Levith Aldemar Rua Rodríguez (born October 14, 1987), known as The Beast from the Slaughterhouse and The Monster from the Sixth Entry, is a Colombian-Venezuelan former policeman, serial rapist and murderer.

He committed more than a dozen rapes and sexual assaults in the Caribbean region, in addition to killing Gabriela Romero, a business student studying at SENA.

Rúa is known to have been active in various places along the Caribbean Coast, including: Barranquilla, Soledad, Malambo, Valledupar, Cesar, Sincelejo, Sucre and others.

On March 22, 2019, he was sentenced to 37 years imprisonment for raping a minor, which he is serving at the Maximum and Medium Security Prison in Valledupar.

== Background ==
A native of Ponedera, Rúa joined the ranks of the Colombian Police between 2008 and 2010. He was attached at the Cesar Department, where he served as a patrolman.
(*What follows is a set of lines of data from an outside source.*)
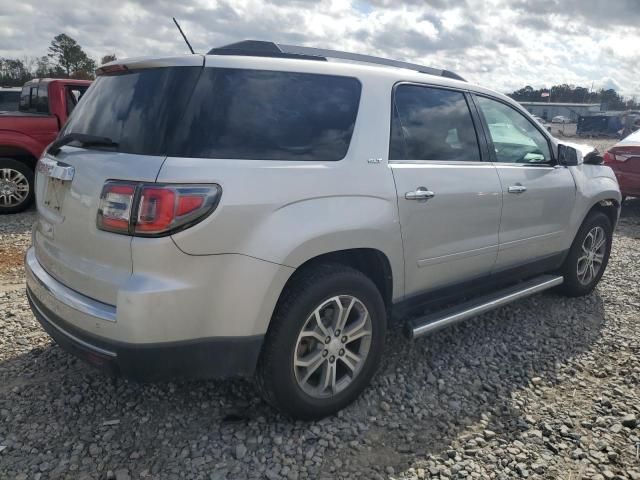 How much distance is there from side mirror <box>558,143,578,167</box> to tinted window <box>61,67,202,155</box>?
3.11 metres

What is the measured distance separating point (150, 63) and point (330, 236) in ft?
3.94

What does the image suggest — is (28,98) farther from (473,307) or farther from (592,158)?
(592,158)

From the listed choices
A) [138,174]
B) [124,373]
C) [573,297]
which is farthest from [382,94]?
[573,297]

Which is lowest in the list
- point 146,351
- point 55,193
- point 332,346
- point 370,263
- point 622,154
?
point 332,346

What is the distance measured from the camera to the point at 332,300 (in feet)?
8.57

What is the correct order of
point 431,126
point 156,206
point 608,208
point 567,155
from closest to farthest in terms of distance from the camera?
point 156,206 → point 431,126 → point 567,155 → point 608,208

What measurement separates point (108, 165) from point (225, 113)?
0.57 metres

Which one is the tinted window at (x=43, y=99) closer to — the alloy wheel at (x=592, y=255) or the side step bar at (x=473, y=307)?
the side step bar at (x=473, y=307)

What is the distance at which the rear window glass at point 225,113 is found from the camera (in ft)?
7.33

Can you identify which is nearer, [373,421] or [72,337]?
[72,337]

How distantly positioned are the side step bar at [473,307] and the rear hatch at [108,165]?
173 cm

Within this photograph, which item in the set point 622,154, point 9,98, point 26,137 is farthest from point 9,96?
point 622,154

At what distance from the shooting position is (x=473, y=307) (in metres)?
3.39

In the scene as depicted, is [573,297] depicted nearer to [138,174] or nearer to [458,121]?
[458,121] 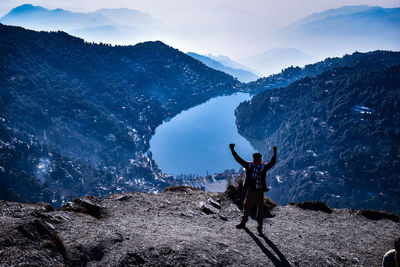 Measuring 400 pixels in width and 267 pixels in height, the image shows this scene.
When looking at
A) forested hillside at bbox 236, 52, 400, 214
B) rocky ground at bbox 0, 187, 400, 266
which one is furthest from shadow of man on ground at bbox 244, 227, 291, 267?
forested hillside at bbox 236, 52, 400, 214

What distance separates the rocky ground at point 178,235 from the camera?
9.70 meters

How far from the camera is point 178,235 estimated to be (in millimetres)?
12297

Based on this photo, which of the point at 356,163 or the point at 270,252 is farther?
the point at 356,163

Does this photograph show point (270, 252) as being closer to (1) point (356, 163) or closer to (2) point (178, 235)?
(2) point (178, 235)

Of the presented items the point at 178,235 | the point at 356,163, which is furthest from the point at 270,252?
the point at 356,163

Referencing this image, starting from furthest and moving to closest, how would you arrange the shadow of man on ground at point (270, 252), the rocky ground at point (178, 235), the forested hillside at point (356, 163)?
the forested hillside at point (356, 163) → the shadow of man on ground at point (270, 252) → the rocky ground at point (178, 235)

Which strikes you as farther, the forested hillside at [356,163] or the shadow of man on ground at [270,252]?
the forested hillside at [356,163]

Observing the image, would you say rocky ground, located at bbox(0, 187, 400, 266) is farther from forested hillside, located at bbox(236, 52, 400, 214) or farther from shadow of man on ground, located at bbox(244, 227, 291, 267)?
forested hillside, located at bbox(236, 52, 400, 214)

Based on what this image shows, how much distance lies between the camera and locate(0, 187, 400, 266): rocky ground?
31.8 ft

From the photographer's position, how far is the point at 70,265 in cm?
932

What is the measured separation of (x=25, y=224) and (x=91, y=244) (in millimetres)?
2473

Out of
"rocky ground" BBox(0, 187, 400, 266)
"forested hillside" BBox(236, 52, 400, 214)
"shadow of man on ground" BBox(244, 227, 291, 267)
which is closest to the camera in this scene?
"rocky ground" BBox(0, 187, 400, 266)

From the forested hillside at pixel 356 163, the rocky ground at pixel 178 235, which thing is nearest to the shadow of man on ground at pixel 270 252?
the rocky ground at pixel 178 235

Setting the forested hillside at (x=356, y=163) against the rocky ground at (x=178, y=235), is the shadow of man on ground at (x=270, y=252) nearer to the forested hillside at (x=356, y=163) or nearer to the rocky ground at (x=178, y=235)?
the rocky ground at (x=178, y=235) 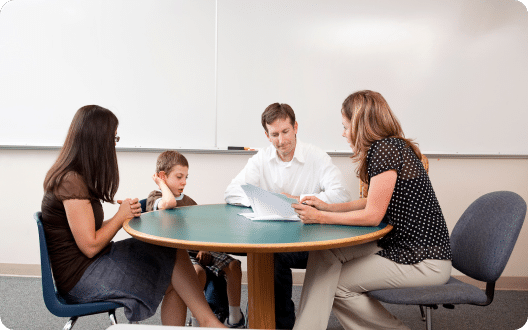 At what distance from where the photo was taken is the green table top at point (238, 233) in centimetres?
129

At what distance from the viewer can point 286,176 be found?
264 cm

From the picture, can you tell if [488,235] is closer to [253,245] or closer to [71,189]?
[253,245]

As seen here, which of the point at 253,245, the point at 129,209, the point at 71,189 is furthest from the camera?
the point at 129,209

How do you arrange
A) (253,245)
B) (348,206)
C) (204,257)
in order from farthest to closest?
(204,257), (348,206), (253,245)

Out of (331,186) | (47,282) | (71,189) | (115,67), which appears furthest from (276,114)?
(115,67)

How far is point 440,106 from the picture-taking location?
3238 mm

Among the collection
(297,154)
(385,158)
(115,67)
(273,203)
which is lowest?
(273,203)

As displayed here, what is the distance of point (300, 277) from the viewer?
3.40 metres

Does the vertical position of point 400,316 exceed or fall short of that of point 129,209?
it falls short

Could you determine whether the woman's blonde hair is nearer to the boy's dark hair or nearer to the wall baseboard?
the boy's dark hair

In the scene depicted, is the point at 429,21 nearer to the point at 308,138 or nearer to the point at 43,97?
the point at 308,138

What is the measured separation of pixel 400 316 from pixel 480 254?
1.14 meters

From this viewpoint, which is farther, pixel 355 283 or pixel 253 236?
pixel 355 283

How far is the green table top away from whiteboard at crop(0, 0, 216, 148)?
155 centimetres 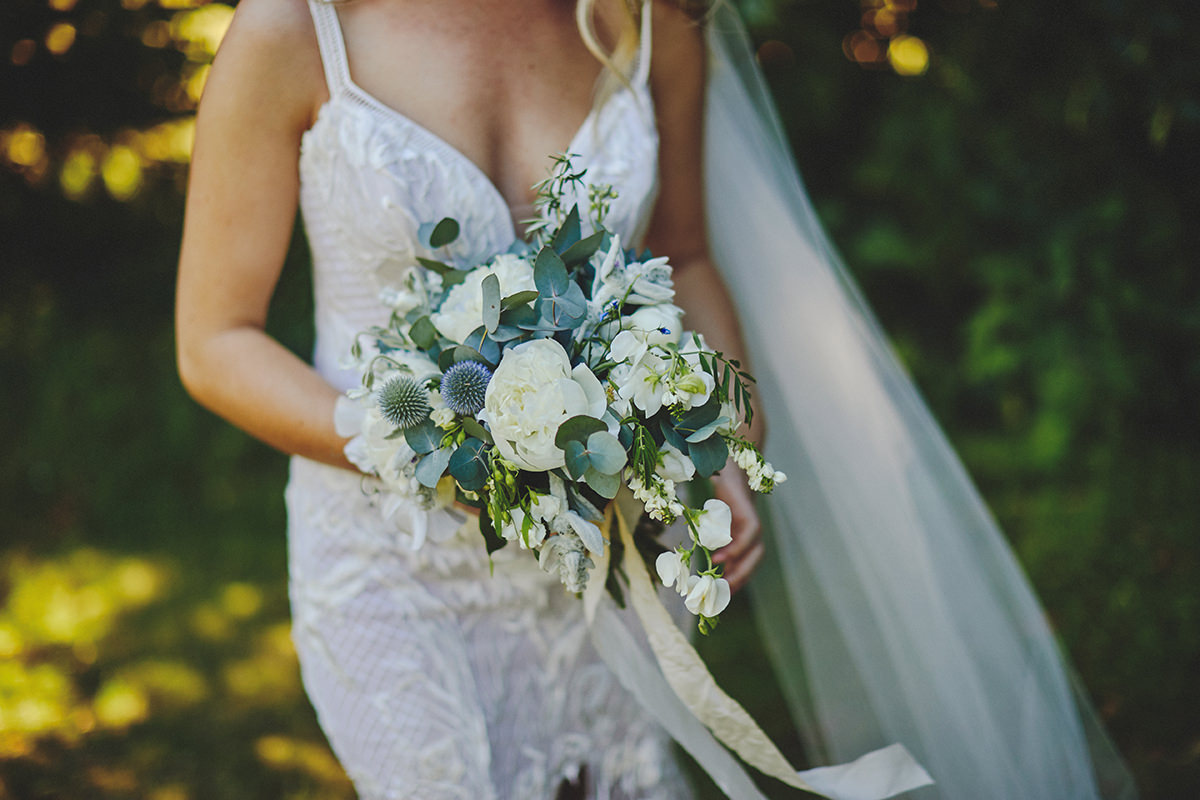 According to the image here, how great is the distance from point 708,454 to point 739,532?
56 cm

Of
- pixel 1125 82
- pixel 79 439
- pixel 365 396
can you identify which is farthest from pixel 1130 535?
pixel 79 439

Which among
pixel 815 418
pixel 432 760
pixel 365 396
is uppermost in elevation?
pixel 365 396

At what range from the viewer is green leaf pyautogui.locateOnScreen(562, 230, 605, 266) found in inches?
53.9

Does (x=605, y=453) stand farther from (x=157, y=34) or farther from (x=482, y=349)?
(x=157, y=34)

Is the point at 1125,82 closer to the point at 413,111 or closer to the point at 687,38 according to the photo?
the point at 687,38

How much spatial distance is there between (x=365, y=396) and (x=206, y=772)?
228cm

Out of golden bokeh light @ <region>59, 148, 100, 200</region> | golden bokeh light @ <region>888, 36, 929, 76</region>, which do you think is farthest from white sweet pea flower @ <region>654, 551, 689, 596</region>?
golden bokeh light @ <region>59, 148, 100, 200</region>

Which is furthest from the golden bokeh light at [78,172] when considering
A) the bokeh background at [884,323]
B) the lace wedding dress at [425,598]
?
the lace wedding dress at [425,598]

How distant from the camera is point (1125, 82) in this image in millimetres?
2977

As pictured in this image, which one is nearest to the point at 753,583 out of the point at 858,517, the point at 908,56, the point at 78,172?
the point at 858,517

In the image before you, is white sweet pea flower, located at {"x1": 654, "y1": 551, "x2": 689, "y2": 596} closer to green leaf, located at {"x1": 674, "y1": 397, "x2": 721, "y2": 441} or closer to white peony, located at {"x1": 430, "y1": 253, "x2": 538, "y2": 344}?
green leaf, located at {"x1": 674, "y1": 397, "x2": 721, "y2": 441}

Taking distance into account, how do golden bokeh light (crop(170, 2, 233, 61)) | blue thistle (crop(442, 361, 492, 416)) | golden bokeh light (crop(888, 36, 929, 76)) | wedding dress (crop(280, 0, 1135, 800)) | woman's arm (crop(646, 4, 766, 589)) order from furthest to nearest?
golden bokeh light (crop(888, 36, 929, 76)) < golden bokeh light (crop(170, 2, 233, 61)) < woman's arm (crop(646, 4, 766, 589)) < wedding dress (crop(280, 0, 1135, 800)) < blue thistle (crop(442, 361, 492, 416))

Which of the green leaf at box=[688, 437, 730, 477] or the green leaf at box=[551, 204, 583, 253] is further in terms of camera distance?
the green leaf at box=[551, 204, 583, 253]

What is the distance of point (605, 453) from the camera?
1165 millimetres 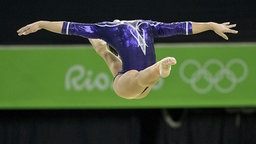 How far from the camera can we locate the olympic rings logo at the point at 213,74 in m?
5.45

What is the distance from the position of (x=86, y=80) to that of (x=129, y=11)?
106 centimetres

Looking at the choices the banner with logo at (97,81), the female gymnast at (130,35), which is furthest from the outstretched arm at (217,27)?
the banner with logo at (97,81)

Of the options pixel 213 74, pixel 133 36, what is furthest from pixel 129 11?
pixel 213 74

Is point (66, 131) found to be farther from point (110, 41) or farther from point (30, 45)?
point (110, 41)

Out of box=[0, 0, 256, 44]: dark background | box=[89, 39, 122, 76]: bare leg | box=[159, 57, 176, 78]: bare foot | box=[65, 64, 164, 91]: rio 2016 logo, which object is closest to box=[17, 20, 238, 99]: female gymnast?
box=[89, 39, 122, 76]: bare leg

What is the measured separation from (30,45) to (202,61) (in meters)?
1.59

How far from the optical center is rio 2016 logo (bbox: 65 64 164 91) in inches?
216

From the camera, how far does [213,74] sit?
17.9ft

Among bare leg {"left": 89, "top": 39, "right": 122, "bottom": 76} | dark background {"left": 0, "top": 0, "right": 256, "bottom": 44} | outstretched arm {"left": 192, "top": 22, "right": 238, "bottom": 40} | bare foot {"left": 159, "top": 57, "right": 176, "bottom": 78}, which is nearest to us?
bare foot {"left": 159, "top": 57, "right": 176, "bottom": 78}

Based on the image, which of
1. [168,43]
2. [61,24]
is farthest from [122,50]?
[168,43]

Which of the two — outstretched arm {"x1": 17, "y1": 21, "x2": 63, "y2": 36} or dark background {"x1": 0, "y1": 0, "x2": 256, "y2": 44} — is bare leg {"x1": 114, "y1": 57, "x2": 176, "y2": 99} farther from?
dark background {"x1": 0, "y1": 0, "x2": 256, "y2": 44}

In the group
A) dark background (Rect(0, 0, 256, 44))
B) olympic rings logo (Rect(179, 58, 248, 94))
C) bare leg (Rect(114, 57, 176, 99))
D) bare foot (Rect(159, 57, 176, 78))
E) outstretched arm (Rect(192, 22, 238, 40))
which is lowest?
olympic rings logo (Rect(179, 58, 248, 94))

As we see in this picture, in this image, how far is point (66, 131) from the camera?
5.98 m

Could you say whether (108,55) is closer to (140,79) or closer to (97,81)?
(140,79) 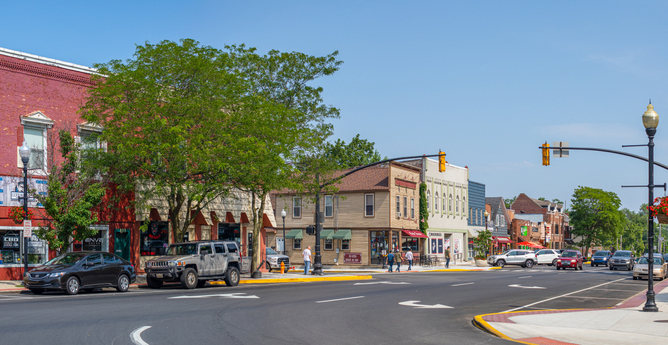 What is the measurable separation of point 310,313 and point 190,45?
15.1 meters

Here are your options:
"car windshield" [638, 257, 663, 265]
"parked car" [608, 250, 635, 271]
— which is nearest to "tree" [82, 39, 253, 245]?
"car windshield" [638, 257, 663, 265]

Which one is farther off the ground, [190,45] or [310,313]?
[190,45]

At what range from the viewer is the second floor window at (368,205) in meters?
51.1

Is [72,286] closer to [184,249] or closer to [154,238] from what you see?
[184,249]

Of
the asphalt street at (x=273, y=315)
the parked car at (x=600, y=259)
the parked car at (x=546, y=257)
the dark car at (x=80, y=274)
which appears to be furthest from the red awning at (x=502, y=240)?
the dark car at (x=80, y=274)

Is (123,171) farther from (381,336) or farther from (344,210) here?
(344,210)

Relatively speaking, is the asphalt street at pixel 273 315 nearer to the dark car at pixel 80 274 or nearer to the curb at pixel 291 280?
the dark car at pixel 80 274

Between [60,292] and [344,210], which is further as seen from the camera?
[344,210]

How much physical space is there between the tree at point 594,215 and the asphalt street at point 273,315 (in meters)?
73.6

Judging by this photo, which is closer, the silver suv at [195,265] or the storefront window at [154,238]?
the silver suv at [195,265]

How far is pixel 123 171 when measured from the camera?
27.6m

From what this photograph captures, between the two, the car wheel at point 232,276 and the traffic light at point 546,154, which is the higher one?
the traffic light at point 546,154

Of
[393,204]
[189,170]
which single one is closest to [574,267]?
[393,204]

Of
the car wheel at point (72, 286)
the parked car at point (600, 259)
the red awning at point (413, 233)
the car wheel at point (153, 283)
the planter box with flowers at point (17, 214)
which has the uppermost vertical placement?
the planter box with flowers at point (17, 214)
In 2010, he was found guilty of raping and assaulting a woman in Valledupar, for which he served a 7-year prison sentence. He served the sentence in the Maximum and Medium Security Prison, known commonly as "La Tramacúa", where he shared a cell with serial killer Luis Garavito, whom, according to the Office of the Attorney General of Colombia, kidnapped, raped, tortured and murdered at least 172 children across the country.

After serving time, Rúa continued to abuse several women between the ages of 15 and 18, according to police. It is believed that the crimes took place at a hut in Malambo, where furniture, underwear for both sexes, condoms and other items were located. Before his detention, he had raped a Venezuelan woman and murdered Gabriela Romero, a SENA student.

== Modus operandi ==
Rúa's modus operandi consisted of contacting people through social networks, where he offered jobs. He lured the victims to desolate areas, usually full of trees and shrubbery, where he sexually, physically and verbally abused them. Some of the attacks ended with serious injuries, such as fractured jaws and broken teeth due to the severe beatings.

== Murder of Gabriela Romero ==
Gabriela Romero was a SENA student. She was contacted by the former police officer on Facebook, although at first, it appeared that Romero ignored his questions and comments. In the end, however, she was persuaded to start a serious conversation, with the supposed job being her taking care of a child for 800 pesos. After agreeing to the offer, the two met in a shopping center in Barranquilla and left for a wooded area known as "El Tamarindo", in Malambo. This sector was known for its local slaughterhouse, where cattle, buffalo and pigs were butchered. Once they arrived there, Rúa beat, raped and then decapitated Romero.